Exercise data:
———
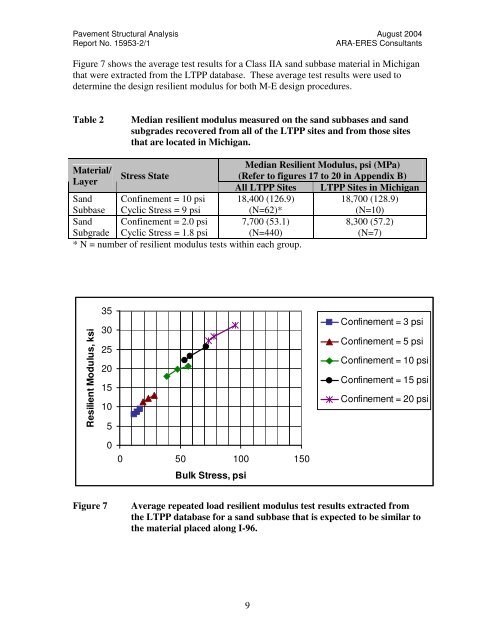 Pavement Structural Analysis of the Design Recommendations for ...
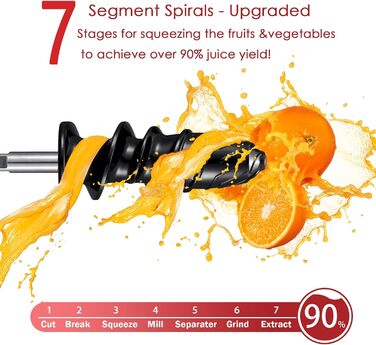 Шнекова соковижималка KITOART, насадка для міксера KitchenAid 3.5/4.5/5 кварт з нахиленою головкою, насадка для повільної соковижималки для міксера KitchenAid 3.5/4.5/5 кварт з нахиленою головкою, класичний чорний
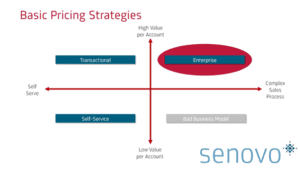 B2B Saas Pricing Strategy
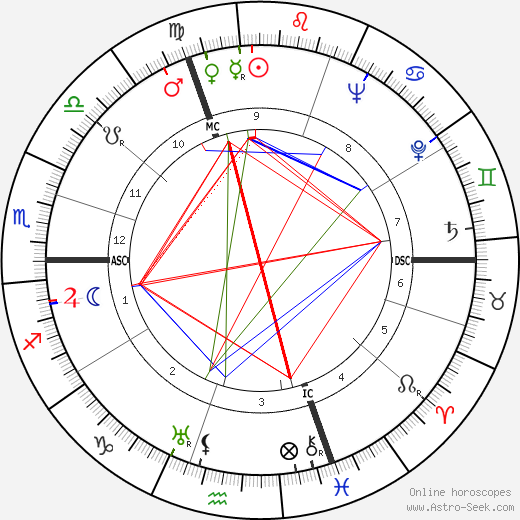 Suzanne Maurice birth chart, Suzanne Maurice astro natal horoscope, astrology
———
Problem statement: A faithful, picture-free copy of the material is what this task asks for.

Finished exercise:
 Pavement Structural Analysis of the Design Recommendations for ...
 Шнекова соковижималка KITOART, насадка для міксера KitchenAid 3.5/4.5/5 кварт з нахиленою головкою, насадка для повільної соковижималки для міксера KitchenAid 3.5/4.5/5 кварт з нахиленою головкою, класичний чорний
 B2B Saas Pricing Strategy
 Suzanne Maurice birth chart, Suzanne Maurice astro natal horoscope, astrology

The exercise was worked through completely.